Gaza is being devastated by a triple impasse – Technologist
The situation in Gaza could be described as intolerable if the whole world had not tolerated it, actively or passively, for too many months. If the war were to have happened in France, the scale of the human toll would already be over a million killed, including some 400,000 children. And this death toll could well double, or even triple, due to the deadly combination of continued bombing, worsening famine and the spread of epidemics among a population literally on its last legs.
Worsening day after day, in full view of the world, this tragedy is part of a long-standing triple impasse – Israeli, humanitarian and Palestinian – in which the 2.3 million men and women in the Gaza Strip have been trapped for almost two decades.
The Israeli impasse
The Israeli deadlock began when Israeli Prime Minister Ariel Sharon decided, in September 2005, to withdraw the Israeli army and settlers from the Gaza Strip after 38 years of occupation, without any consultation with the Palestinian Authority headed by Mahmoud Abbas, elected a few months earlier.

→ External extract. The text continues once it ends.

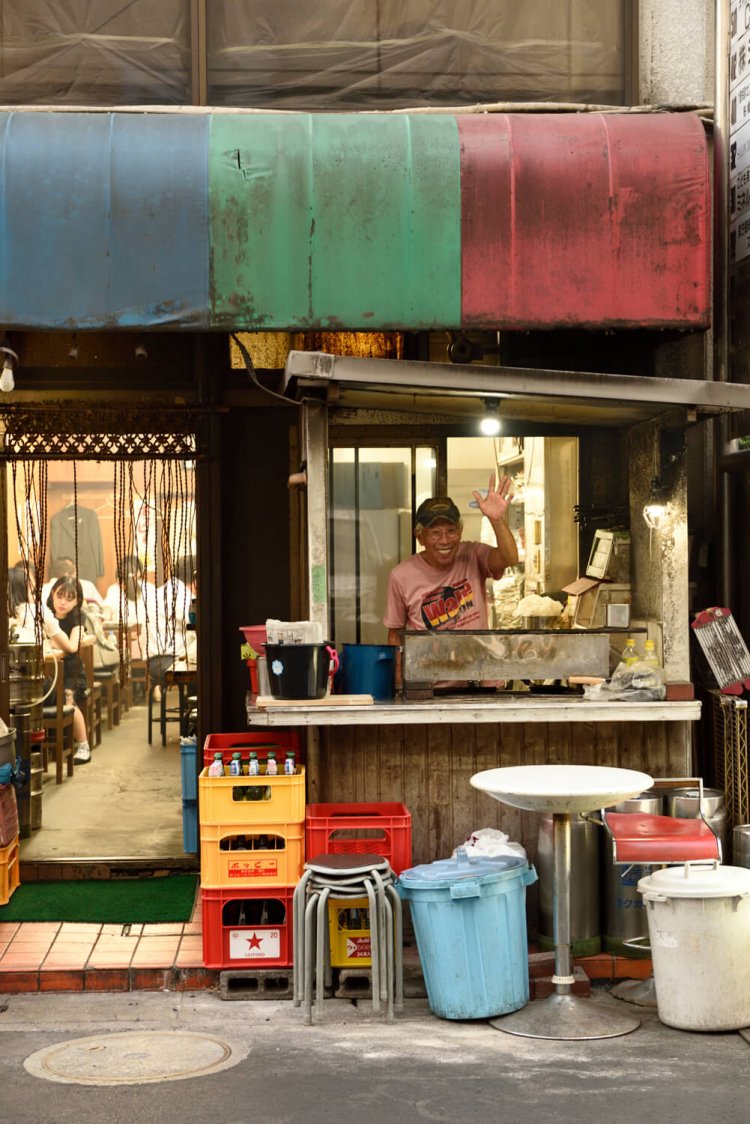 軒先で炭火を使って焼く津野田さん。前を通ると挨拶していく地元の人も。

Sharon’s refusal was intended to block the way to an eventual Palestinian state established in both the West Bank and Gaza. Since then, the Palestinian enclave has been treated by Israel solely from the perspective of the security of the Israel state, without the slightest consideration for the political dynamics or human reality of Gaza.
This very short-sighted calculation has meant Israel, throughout successive conflicts in Gaza, has maintained a ratio of 1 to 20, or even 100, between its losses, overwhelmingly military, and Palestinian losses, primarily civilian. But the blockade imposed on Gaza since June 2007 consolidated Hamas’s stranglehold there, until the takeover, ten years later, by the most extremist of the Islamists, responsible for the terrorist carnage of October 7, 2023, in which 787 civilians were killed, along with 376 Israeli soldiers and police officers. The current offensive has left 245 of Israel’s soldiers dead over five months of fighting, but at the cost of strikes as massive as they are indiscriminate, leading to the destruction of the Gaza Strip rather than Hamas.
The humanitarian impasse
The humanitarian impasse is a result of the international community’s – above all the US and the European Union – refusal to provide a political response to the challenge of Gaza, reduced to being no more than a humanitarian problem to be managed with varying degrees of generosity and efficiency.
Far from demanding the lifting of the Israeli blockade, characterized as an act of war under international law, Western donors have confined themselves to trying to limit Israel’s impact on the local population, thus condemned to live only in the precariousness of assistance by definition arbitrary.